God is described here as paribhūḥ, the greatest of all. No one is greater than or equal to Him. Other living beings are described here as beggars who ask goods from the Lord. The Lord supplies the things the living entities desire. If the entities were equal to the Lord in potency-if they were omnipotent and omniscient—there would be no question of their begging from the Lord, even for so-called liberation. Real liberation means going back to Godhead. Liberation as conceived of by an impersonalist is a myth, and begging for sense gratification has to continue eternally unless the beggar comes to his spiritual senses and realizes his constitutional position.

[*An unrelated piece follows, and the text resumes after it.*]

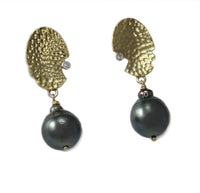Hammered Gold, Diamond, and Tahitian Pearl Dangle Earrings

Only the Supreme Lord is self-sufficient. When Lord Kṛṣṇa appeared on earth five thousand years ago, He displayed His full manifestation as the Personality of Godhead through His various activities. In His childhood He killed many powerful demons, such as Aghāsura, Bakāsura and Śakaṭāsura, and there was no question of His having acquired such power through any extraneous endeavor. He lifted Govardhana Hill without ever practicing weight-lifting. He danced with the gopīs without social restriction and without reproach. Although the gopīs approached Him with a paramour's feelings of love, the relationship between the gopīs and Lord Kṛṣṇa was worshiped even by Lord Caitanya, who was a strict sannyāsī and rigid follower of disciplinary regulations. To confirm that the Lord is always pure and uncontaminated, Śrī Īśopaniṣad describes Him as śuddham (antiseptic) and apāpa-viddham (prophylactic). He is antiseptic in the sense that even an impure thing can become purified just by touching Him. The word "prophylactic" refers to the power of His association. As mentioned in the Bhagavad-gītā (9.30-31), a devotee may appear to be su-durācāra, not well behaved, in the beginning, but he should be accepted as pure because he is on the right path. This is due to the prophylactic nature of the Lord's association. The Lord is also apāpa-viddham because sin cannot touch Him. Even if He acts in a way that appears to be sinful, such actions are all-good, for there is no question of His being affected by sin. Because in all circumstances He is śuddham, most purified, He is often compared to the sun. The sun extracts moisture from many untouchable places on the earth, yet it remains pure. In fact, it purifies obnoxious things by virtue of its sterilizing powers. If the sun, which is a material object, is so powerful, then we can hardly begin to imagine the purifying strength of the all-powerful Lord.